More Tax Benefits with Commercial Real Estate
As a commercial real estate investor, there are additional deduction you can take, beyond your investment property alone, such as your home office or travel expenses back and forth to your property. To learn more about the tax benefits available to commercial real estate professionals, check out How to Reduce Taxes with Commercial Real Estate.
Should You Invest Your 401k Retirement Money in Commercial Real Estate?
If you do it right, owning commercial real estate is the best retirement investment vehicle on earth. If you’d like to become a successful commercial real estate investor as well as get step by step help with structuring commercial investments using your retirement money, apply to our Protégé Program.
Michael Anderson says
Yes, except don’t say just invest in another property. Say take it all out and invest in a bigger property. Great job Peter.
Loniece says
Looking forward to hearing more about real estate
Emma says
Advice is always sound.

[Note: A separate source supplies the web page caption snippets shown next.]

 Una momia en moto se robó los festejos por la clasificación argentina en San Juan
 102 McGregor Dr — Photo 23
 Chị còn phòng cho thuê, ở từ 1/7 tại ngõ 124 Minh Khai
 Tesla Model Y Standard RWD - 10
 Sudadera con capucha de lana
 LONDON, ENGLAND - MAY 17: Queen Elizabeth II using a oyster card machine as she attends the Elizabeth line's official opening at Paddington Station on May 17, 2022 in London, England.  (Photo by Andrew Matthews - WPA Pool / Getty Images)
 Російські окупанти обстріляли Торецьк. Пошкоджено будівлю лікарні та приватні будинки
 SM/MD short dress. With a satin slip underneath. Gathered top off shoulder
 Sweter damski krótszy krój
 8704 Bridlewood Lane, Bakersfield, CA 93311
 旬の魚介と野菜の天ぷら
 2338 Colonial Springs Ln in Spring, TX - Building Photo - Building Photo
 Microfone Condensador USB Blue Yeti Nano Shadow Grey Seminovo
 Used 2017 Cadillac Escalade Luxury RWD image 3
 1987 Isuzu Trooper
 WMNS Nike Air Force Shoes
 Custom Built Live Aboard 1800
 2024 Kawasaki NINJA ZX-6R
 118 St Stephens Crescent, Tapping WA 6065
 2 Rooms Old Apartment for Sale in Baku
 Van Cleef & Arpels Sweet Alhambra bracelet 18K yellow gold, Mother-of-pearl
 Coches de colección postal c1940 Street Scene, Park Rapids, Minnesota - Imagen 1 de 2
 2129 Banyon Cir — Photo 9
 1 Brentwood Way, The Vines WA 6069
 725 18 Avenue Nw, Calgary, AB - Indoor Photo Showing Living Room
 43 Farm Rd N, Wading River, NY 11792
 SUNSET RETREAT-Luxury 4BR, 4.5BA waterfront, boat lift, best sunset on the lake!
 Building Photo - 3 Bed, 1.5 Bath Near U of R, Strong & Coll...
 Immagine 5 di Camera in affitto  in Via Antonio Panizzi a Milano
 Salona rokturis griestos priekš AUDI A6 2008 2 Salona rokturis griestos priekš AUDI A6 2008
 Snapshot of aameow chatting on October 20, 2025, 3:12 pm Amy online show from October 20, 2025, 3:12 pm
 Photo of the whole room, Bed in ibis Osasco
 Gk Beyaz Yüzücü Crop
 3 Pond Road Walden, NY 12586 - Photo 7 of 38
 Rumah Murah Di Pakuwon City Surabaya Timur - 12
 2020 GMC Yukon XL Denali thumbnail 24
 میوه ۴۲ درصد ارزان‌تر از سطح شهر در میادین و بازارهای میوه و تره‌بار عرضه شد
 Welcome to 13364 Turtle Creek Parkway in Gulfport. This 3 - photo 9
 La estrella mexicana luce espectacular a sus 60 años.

You make good points about controlling your own narrative, cash flow versus some investment fund controlling it.
Eric W Frazier says
Brilliant!!! Didn’t realize accelerated depreciation could apply to reduce tax on ordinary income tax assessed against the early withdrawal of retirement account but I think you are correct!!!.
Kenneth Taylor says
I’m have a property in scrow for 1.68M. Planning on a 1031 exchange for a commerical property.
Mark says
Yes
Jason says
Such a awesome solution! Can we use this strategy for deferred benefit pension plan !
Thanks
Alicia Dunford says
I know nothing about real estate, but would like to learn. Since, I’ve found out that it may not be possible to work again & I haven’t been able to save much, I’m looking for an option to continue making money.
Larry Heads says
My question however is how do I get started when I have no money?
Peter Harris says
Start earning extra money beyond your means. Many accomplish that by making career advancements or by starting a side business (such as short term creative residential real estate investing). We recommend Freedom Mentor Phil Pustejovsky to learn from on that subject. It is possible to wholesale commercial real estate too but the deals are fewer and further between than residential and when you find a good commercial deal, it’s better to own it long term rather than flip it. And it is also possible to raise private money, or syndicate, a good commercial deal whereby you don’t have to put much of your own money into the deal, but it’s usually better not to attempt commercial real estate investing if you literally have absolutely no money whatsoever. Some money is needed, even when wholesaling or syndicating commercial real estate, such as for the earnest money deposit or inspections or marketing for off market deals.
Gerry J says
Great, clear overiew of what at first glance seems to be a method of purchasing commercial real estate that COSTS you more in penalties and taxes than it returns in income.
But your clear explanation of WHY we should buy and own commercial real estate using money from our retirement accounts is VERY smart.